Wrong time for brinkmanship politics

It’s not often that I would write a letter to the leaders of the opposition, nor to the prime minister of Canada, but after following the political wrangling of the past two weeks, I believe it is time.
It appears all four main parties are in agreement for increased wages for our soldiers, larger pensions for our elderly, more funding for universities, colleges, and their students, some tax relief for Canadians, and energy compensation for those most in need.
All four of you recognize the need for this legislation. So why play brinkmanship politics?
Why, Prime Minister, would you jeopardize this legislation to blame the three parties for a Christmas election. Is the blame game the way we should be running the country?
Why, Mr. Layton, Mr. Harper, and Mr. Duceppe, would you not want this legislation to proceed and be made available to Canadians.
To the three opposition leaders, “did Mr. Gomery tell us anything new that we didn’t know last spring?” His first report, released earlier this month, placed some blame on the Liberal party, but have we learned anything new that would be grounds to go to the polls?
So why force a non-confidence vote when the prime minister already has promised the country he will call an election following the final report of Mr. Gomery, expected in early February.
All four of you have been elected to govern and share ideas. And any election should be fought over ideas. We should be hearing from all of you what you want Canada to become.
We should hear how your policies and platforms would shape Canada into the future.

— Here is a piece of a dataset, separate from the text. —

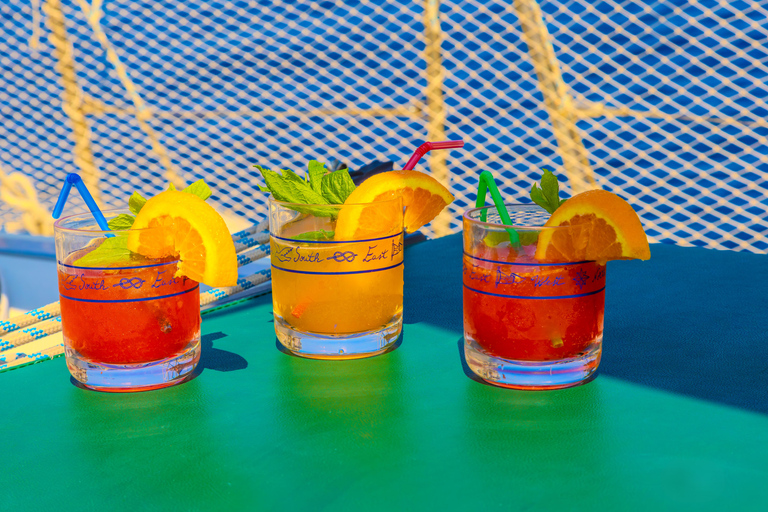 Rhodes Private Luxury Day Cruise Lunch, Coctails, Champagne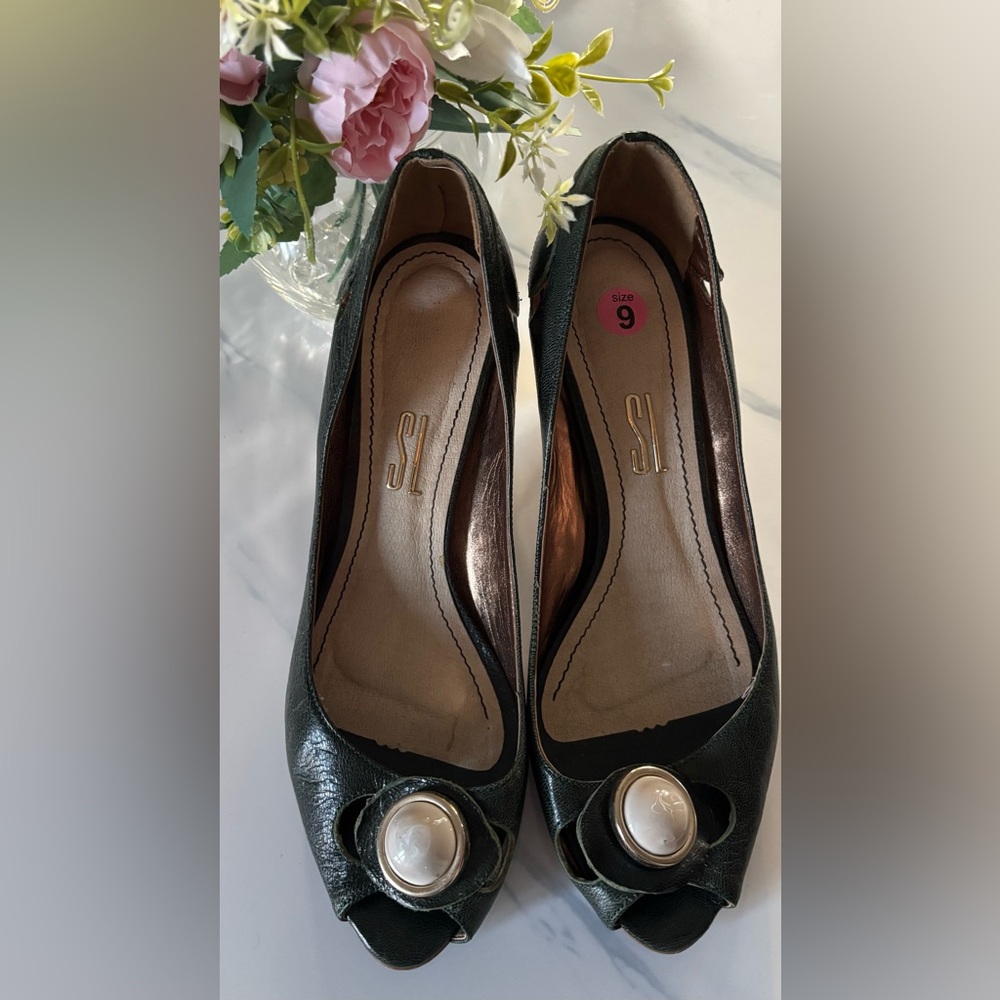 Stylish Green Peep-Toe Shoes With Statement Heel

We, as Canadians, want to hear and see leadership for our country. In fact, any one of you who can show true leadership and capture the imagination and minds of Canadians will be elected along with your party.
Instead, however, we will be faced with three parties accusing the Liberals of corruption with the promise that “We won’t be as corrupt as the present governing party.”
The governing Liberal party will accuse the other three of forcing an election when one already was going to be called—and not during the Christian holiday season inconveniencing Canadians.
It will not be a positive campaign providing hope. It will be a desperate campaign, with each of you heaping scorn on each other helping to convince Canadians that none of you should be allowed to govern.
Do any of you really wish to be known as being the leader of the governing party because you are seen as the least offensive leader?
Wouldn’t it be much better to be elected as the most dynamic, positive, and progressive, and head of the best party offering the greatest opportunities for our country to grow and develop?
To the four of you, it is your choice. And you don’t have a lot of time to change your mind!